2 The offender, Beryl Anne Mercy, has pleaded guilty to the manslaughter of Berrin Dean Charles on 12 February 2003, with whom she was then living in a de facto relationship. The deceased died from a wound inflicted by the offender with a kitchen knife to the left back of his chest.
3 The circumstances of the wounding, though not completely clear, are not controversial. The offender and the deceased, who are both Aboriginal, had known each other for almost twenty years, having had a brief relationship when the offender was nineteen years of age. She will be forty years old in six months time. As a result of that relationship, the offender and the deceased had a daughter Neesha. Thereafter they continued with a platonic and casual friendship over the ensuing years until about nine months or so before the deceased was killed, when they commenced living together in a de facto relationship. The offender had left a longstanding relationship of some fifteen years with a Mr Paul Johnston, to whom she had four children, to live with the deceased. Despite this Mr Johnston, who had continued to look after the children, has said that he would be prepared to resume a family relationship with the offender when she is free. It is important to note that although the offender left her children in Mr Johnston's care whilst living with the deceased, she visited them frequently and often stayed with them for two or three days at a time. I do not doubt that she very much cares for them, and that her separation from them is painful for her.
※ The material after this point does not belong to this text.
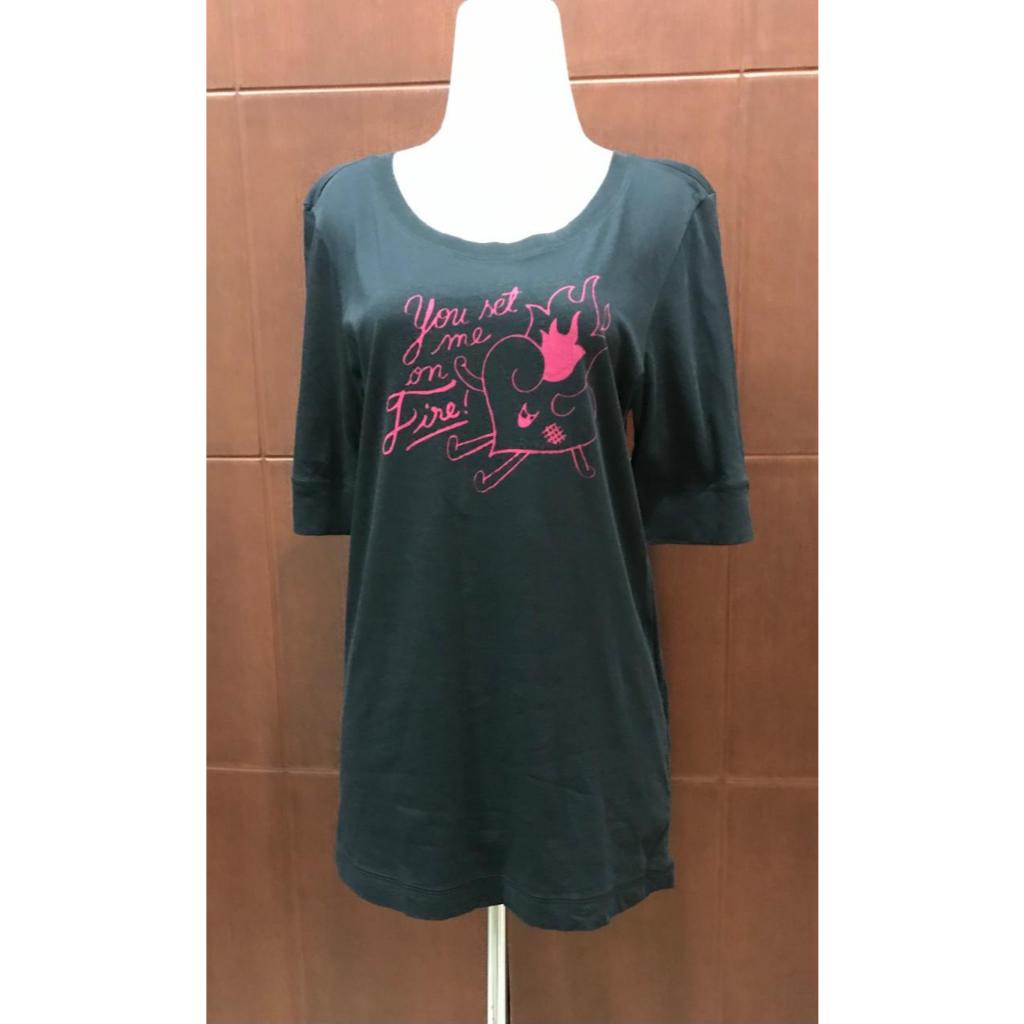 KAOS MARC JACOBS ORIGINAL PRELOVED BAHAN COTTON WARNA HITAM SIZE L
4 It is clear that the offender has had a serious drinking problem for many years and that it became very much worse when she resumed living with the deceased. She said to Ms Danielle Castles, the Manager of the Client Assessment and Referral for the Legal Aid Commission, who prepared a psycho-social report for the purpose of these proceedings, that she started to drink daily, and was "blacking out all the time with Benny, all the time in the day and all."
5 Part of the difficulty with determining the events immediately preceding the fatal wounding is that both parties were drunk at the time. The deceased had a blood alcohol reading of well over .232 grams per 100 millilitres of blood, and the offender was also significantly affected by alcohol, although not to the same extent.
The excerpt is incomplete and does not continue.